» DATASET RECORDS:
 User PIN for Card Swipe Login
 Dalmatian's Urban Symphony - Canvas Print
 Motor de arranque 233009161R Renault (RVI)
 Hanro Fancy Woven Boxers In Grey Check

---

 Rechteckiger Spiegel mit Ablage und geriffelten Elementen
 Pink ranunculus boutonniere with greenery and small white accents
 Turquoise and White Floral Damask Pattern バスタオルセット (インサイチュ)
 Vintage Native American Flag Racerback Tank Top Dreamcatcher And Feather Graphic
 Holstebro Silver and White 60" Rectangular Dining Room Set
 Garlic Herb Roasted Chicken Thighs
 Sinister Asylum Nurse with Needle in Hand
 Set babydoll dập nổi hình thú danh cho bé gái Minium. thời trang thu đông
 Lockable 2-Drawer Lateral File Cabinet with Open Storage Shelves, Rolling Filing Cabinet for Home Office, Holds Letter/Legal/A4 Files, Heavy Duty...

--

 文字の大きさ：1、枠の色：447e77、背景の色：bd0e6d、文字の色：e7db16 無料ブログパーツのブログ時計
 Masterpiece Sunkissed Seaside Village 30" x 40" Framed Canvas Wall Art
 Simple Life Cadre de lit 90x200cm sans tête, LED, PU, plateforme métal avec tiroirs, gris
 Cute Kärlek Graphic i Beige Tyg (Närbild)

» WHAT THE TASK ASKS:
From the entries above, restate word for word the lines from the line containing "Turquoise and White" to the line containing "Lockable 2-Drawer Lateral", both ends included, and nothing more.

» REPLY TO THE TASK:
 Turquoise and White Floral Damask Pattern バスタオルセット (インサイチュ)
 Vintage Native American Flag Racerback Tank Top Dreamcatcher And Feather Graphic
 Holstebro Silver and White 60" Rectangular Dining Room Set
 Garlic Herb Roasted Chicken Thighs
 Sinister Asylum Nurse with Needle in Hand
 Set babydoll dập nổi hình thú danh cho bé gái Minium. thời trang thu đông
 Lockable 2-Drawer Lateral File Cabinet with Open Storage Shelves, Rolling Filing Cabinet for Home Office, Holds Letter/Legal/A4 Files, Heavy Duty...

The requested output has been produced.